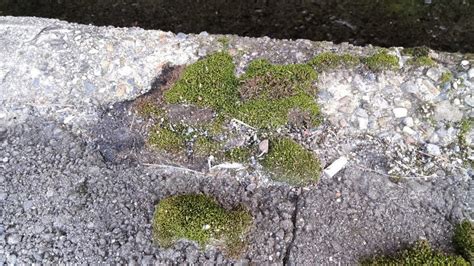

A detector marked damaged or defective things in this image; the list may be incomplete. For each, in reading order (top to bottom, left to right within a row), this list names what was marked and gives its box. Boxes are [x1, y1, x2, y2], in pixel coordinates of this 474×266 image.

crack in concrete [284, 187, 302, 266]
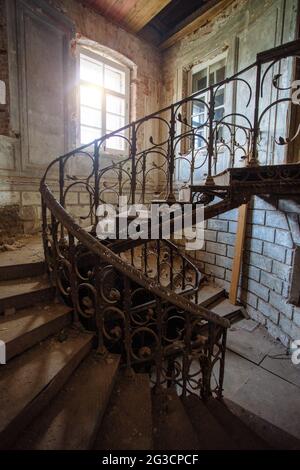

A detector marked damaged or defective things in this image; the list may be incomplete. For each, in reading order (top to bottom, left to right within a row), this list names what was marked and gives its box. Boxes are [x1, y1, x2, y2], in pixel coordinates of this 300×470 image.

rusty iron balustrade [40, 40, 300, 398]
peeling plaster wall [162, 0, 300, 346]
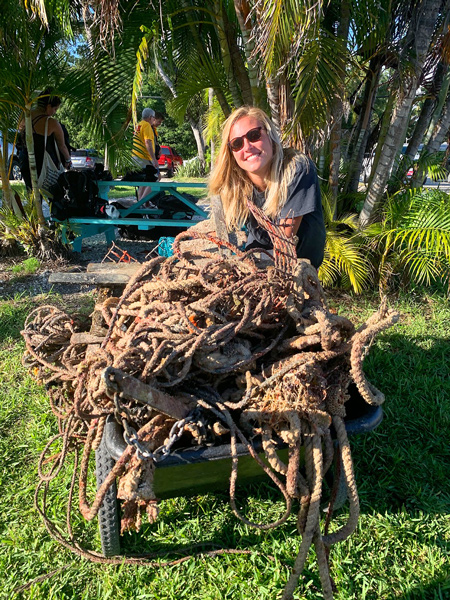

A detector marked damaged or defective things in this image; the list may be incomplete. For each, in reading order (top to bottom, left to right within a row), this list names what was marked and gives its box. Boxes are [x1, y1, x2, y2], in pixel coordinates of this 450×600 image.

rusty debris [22, 221, 398, 600]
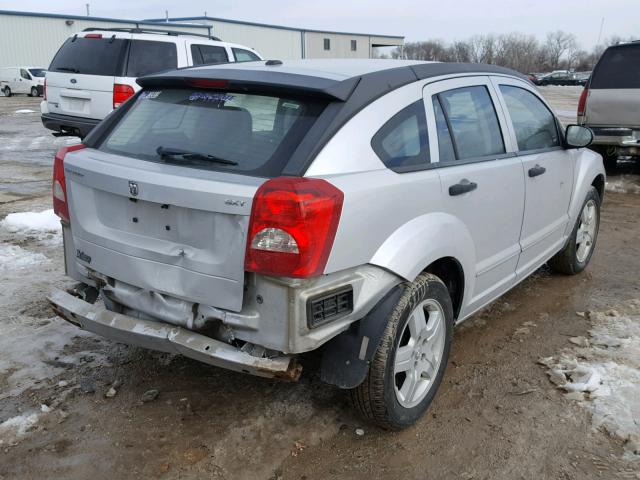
- - -
INSTRUCTIONS FOR THE TASK — Word for word, output the lines from the line bearing "this 450×600 image." through the end of the records above, and only those, without the pictures.

RESPONSE BOX —
A detector marked damaged or defective things in this image; the list may be incomplete. For each, in reading order (top to bottom, left to right within a row), this list names what was marked and gives its box. Boxes are [x1, y1, x2, y2], in pixel coordinates of this 450×600 image.

rusty debris [22, 221, 398, 600]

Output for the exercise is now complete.